A nasty storm with rain, wind and cold continues to drench the region, and it's expected to deliver a little snow before it moves on overnight.
About 1-3 inches of rain had fallen around the area by Wednesday evening, approaching record rainful totals for Dec. 7 dating to 1871, Storm4 meteorologist Doug Kammerer said.
At 2 p.m., the National Weather Service issued a flood warning for the greater Washington metropolitan area. Creeks and streams could run over their banks and obstruct roadways.
Route 1 at Ammedale Road in Beltsville, Md., was closed Wednesday evening because of high water, and one person was rescued from a vehicle stuck there.

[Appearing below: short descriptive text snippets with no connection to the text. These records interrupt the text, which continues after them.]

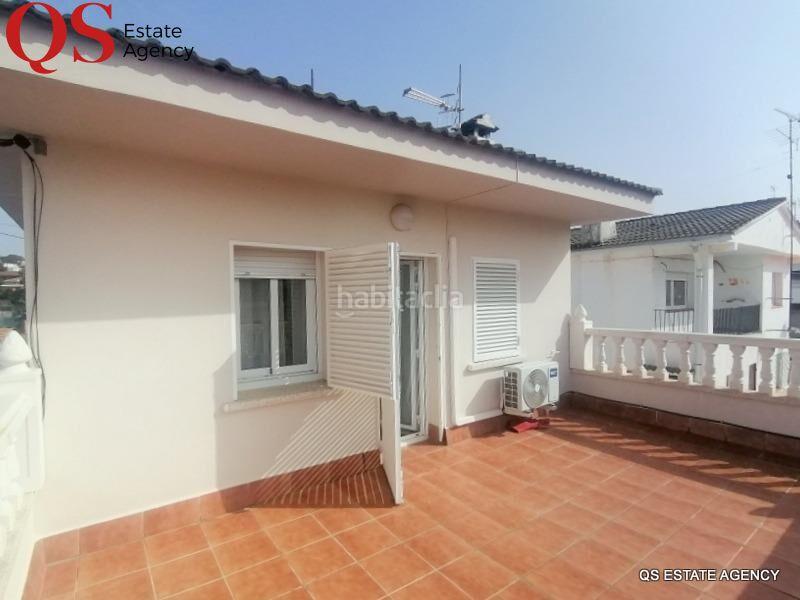 Foto 275a5846-8cde-46a8-96ab-3641839f4184. Casa amb calefacció aparcament piscina a Cunit residencial Cunit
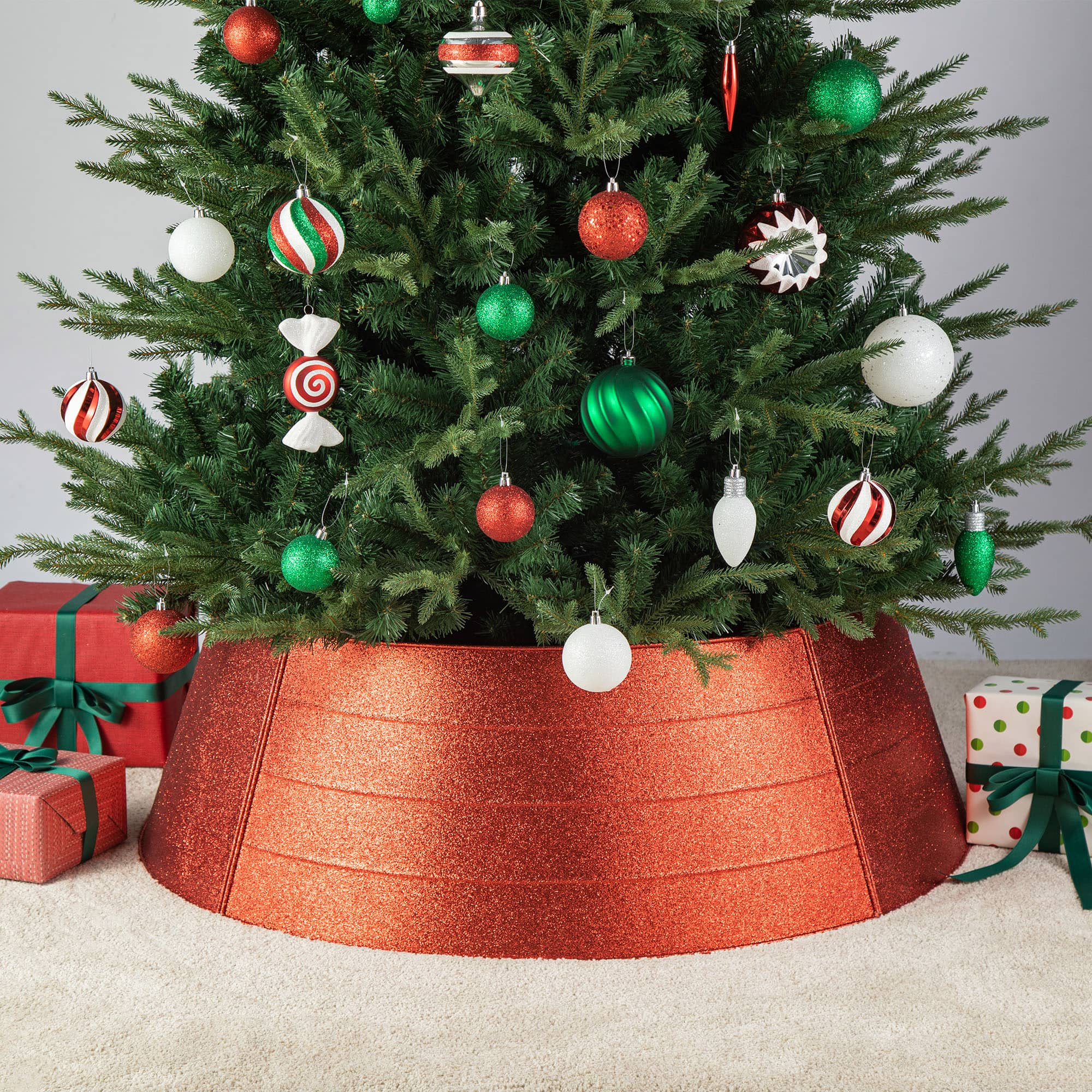 Glitzhome&#xAE; 3ft. Red Glitter Metal Tree Collar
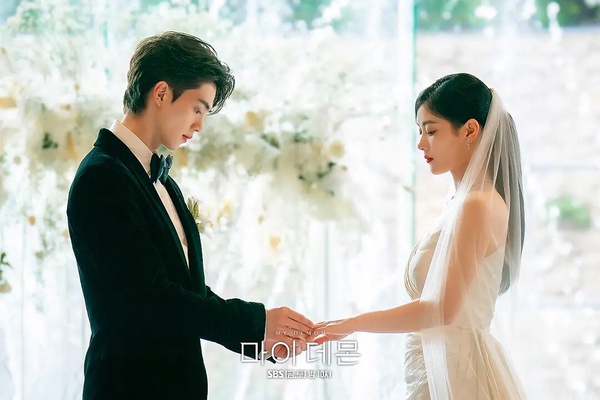 韓劇超貴婚嫁珠寶!《媽媽朋友的兒子》丁海寅求婚手鐲40萬,《淚之女王》金智媛鑽戒更狂
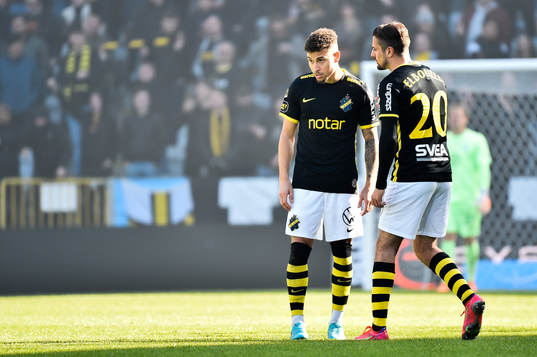 s Jordan Larsson och Zachary Elbouzedi  deppar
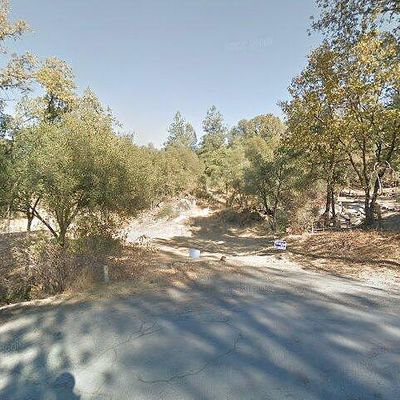 48795 Rock Point Rd, Oakhurst, CA 93644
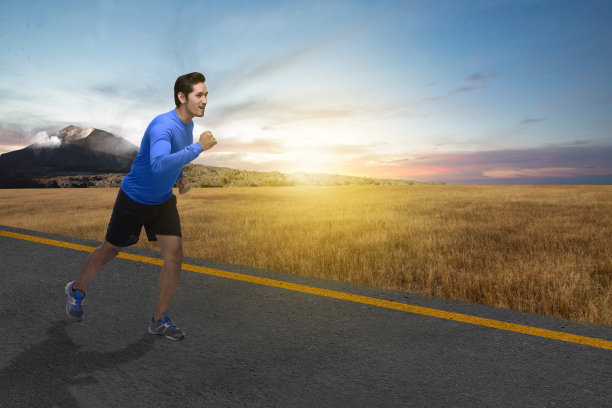 亚洲男子跑步图片下载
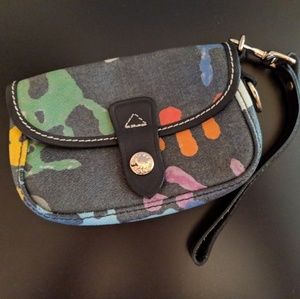 Dooney & Bourke snap wristlet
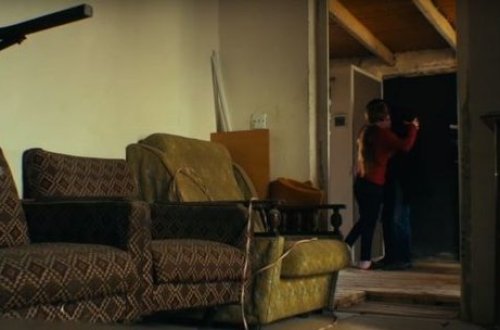 Evə gizli kamera quraşdıran ər gördüklərindən dəhşətə gəldi: Arvadı yad kişi ilə intim... - VİDEO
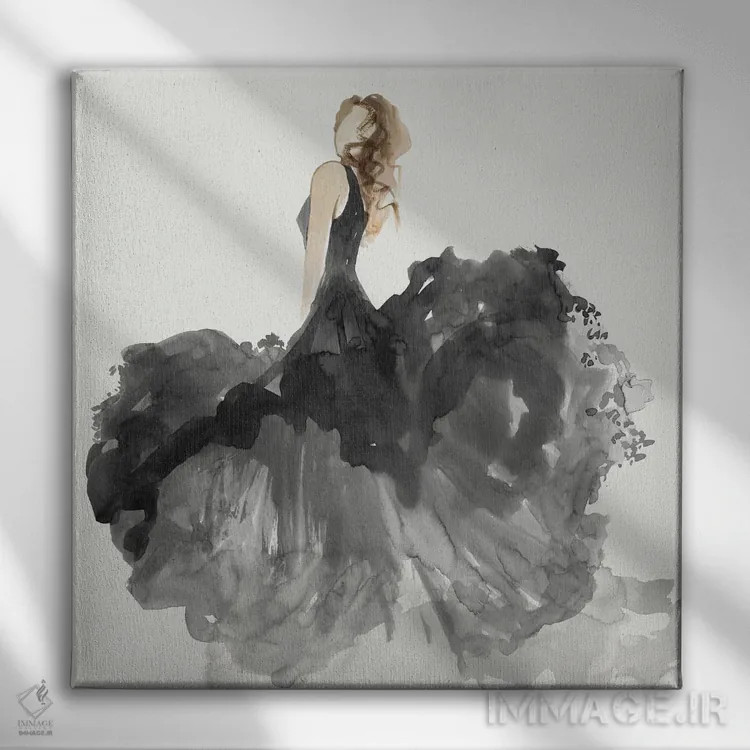 تابلو زن با لباس مشکی II اثر ایمی ویلسون - نمای روبهرو روی دیوار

In Upper Marlboro, Water Street and the 5400 block of Marlboro Race Track Road were closed due to high water.
Wednesday morning, there were multiple reports of flooding on northwest D.C. roads.
In addition to flooding, the wind could team with the soaked ground to cause downed trees and power outages.

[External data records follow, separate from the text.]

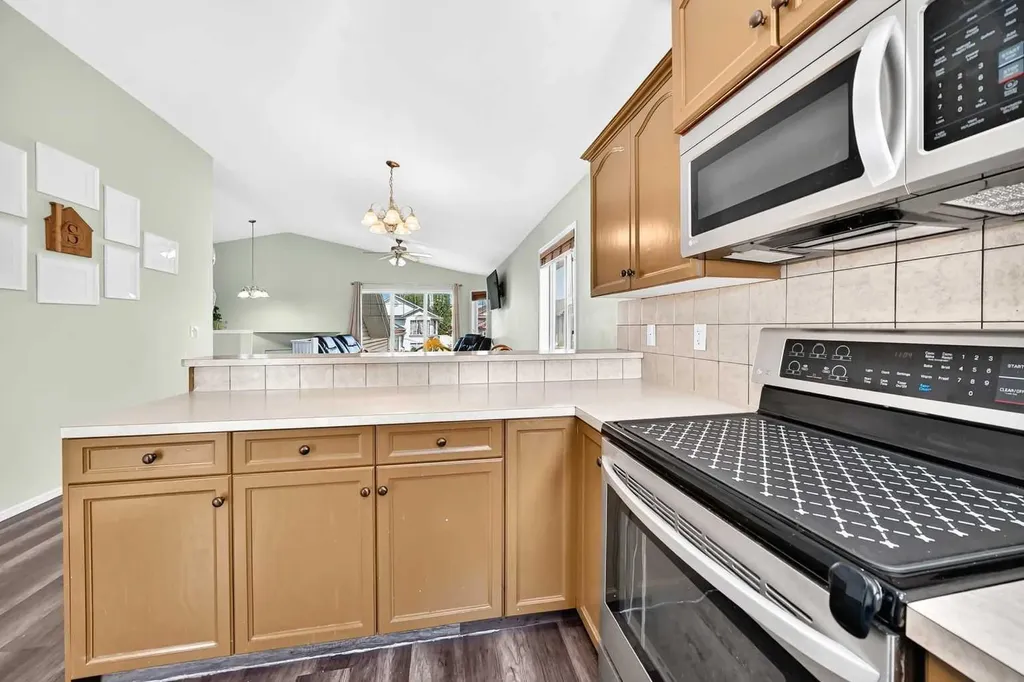 107 Landry Bend Red Deer AB T4R 0H3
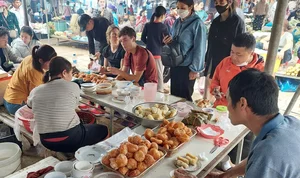 Exploring Pho Doan Market: A Vibrant Cultural Gem in Pu Luong - image 6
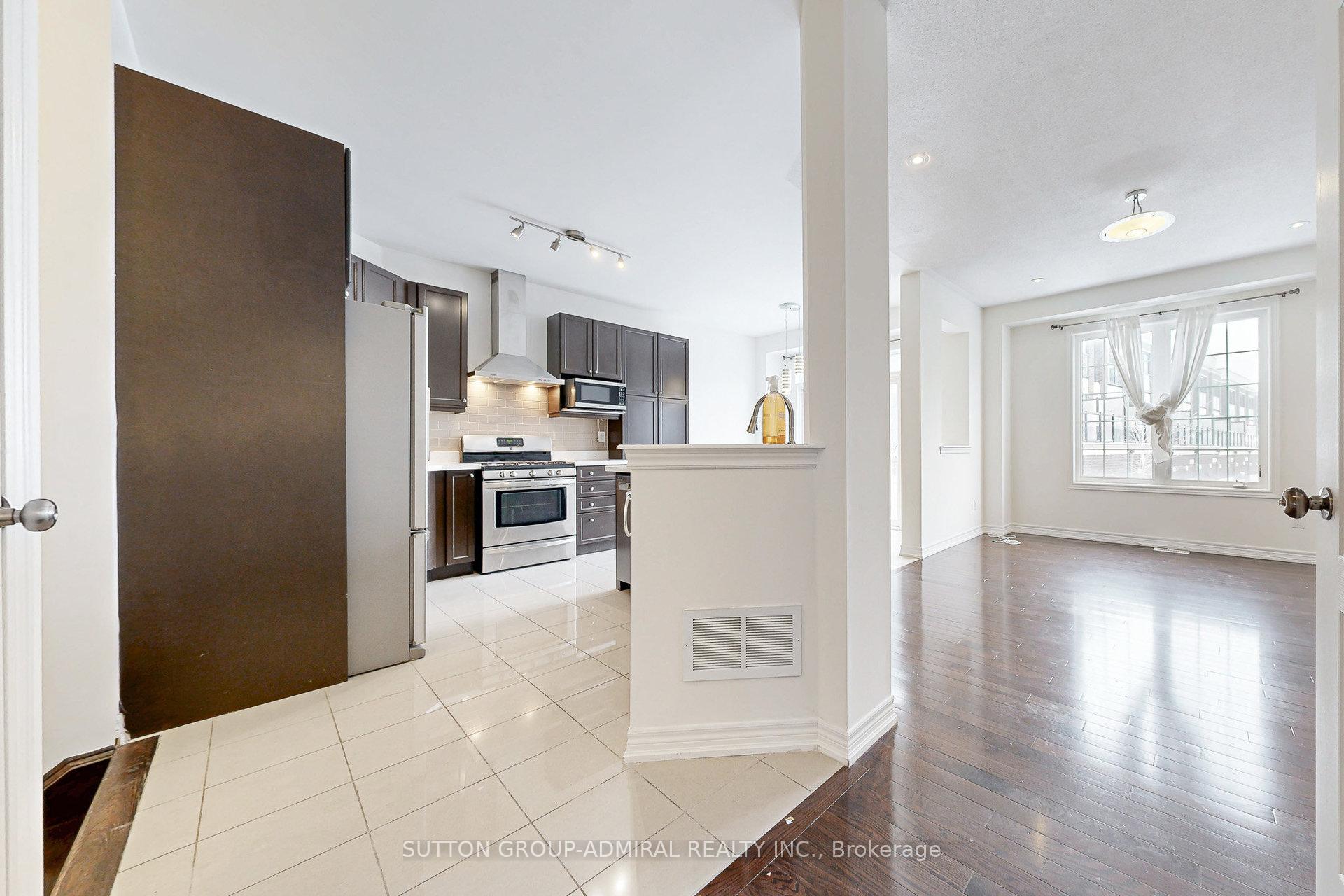 Photo 9 of 99 Hammersly Boulevard, Markham, Wismer — HOMEH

Throughout the day, numerous weather related traffic accidents occurred throughout the region. A sinkhole opened up in northwest D.C. on Military Road at Beach Drive as a result of overnight rains.
A winter weather advisory also has been issued for parts of the area, including Rappahannock County, Loudoun County, Howard County and Frederick County. Those expire early Thursday.

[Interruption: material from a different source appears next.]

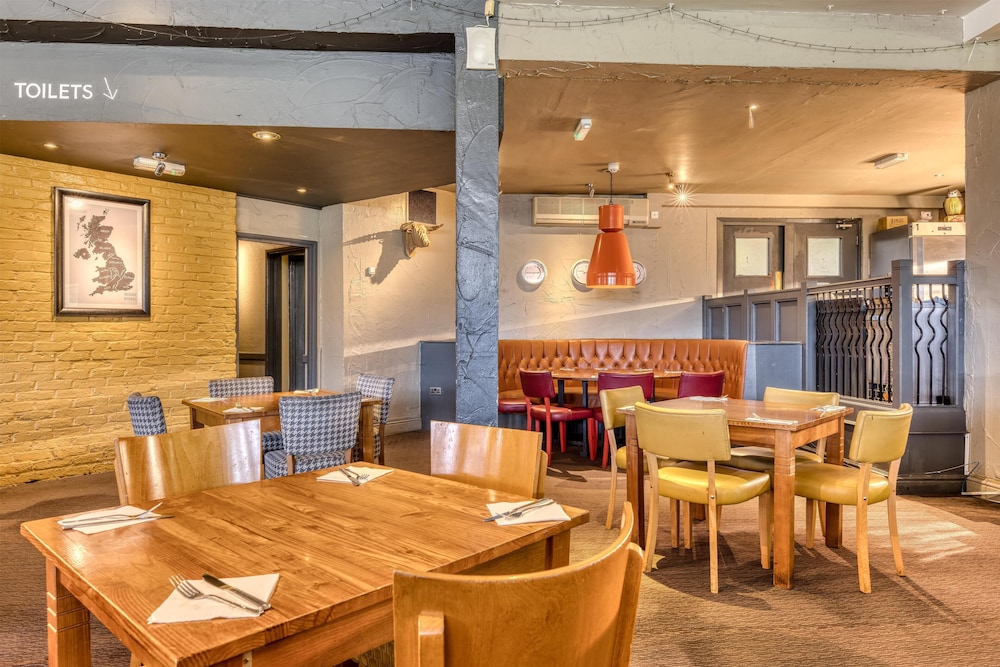 Premier Inn Basingstoke West (Churchill Way) hotel 21/37
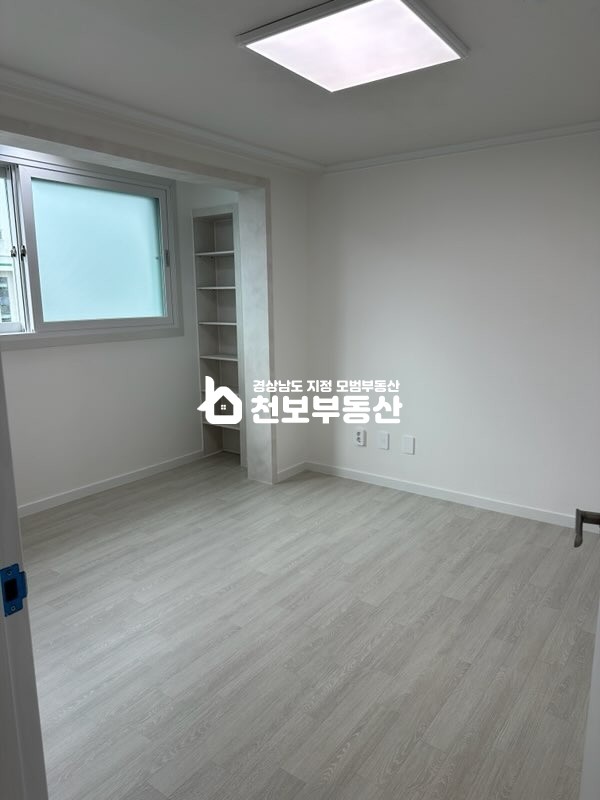 경남 김해시 구산동 308동 3주공아파트 매2억3천 샷시포함 올수리 첫입주 매매 매물번호 10337 사진 6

On the tail end of this storm a strong area of low pressure is pulling in cold air.
That could mean a dusting of snow along the I-95 corridor between 11 p.m. and 1 a.m. Between 8 p.m. and midnight, 1-3 inches is possible along I-81, with more possible at higher elevations. Further north and west, expect 3-6 inches, but don't expect any snow south or east of D.C.
When that happens, the rain could change over to sleet, and possibly snow. Accumulations of 1 - 3 inches are possible in Loudoun, Frederick, and counties farther west in Virginia. Closer to D.C., if snow does fall, it will likely just be a dusting.
The storm moves out overnight, and roads should be fine for the commute Thursday morning. It will be a colder commute, though.
At 6:30 a.m. on Wednesday, the temperature in the District was a mild 60 degrees. It is expected to fall below 40 degrees, and high temperatures are not expected to climb out of the 40s over the next several days.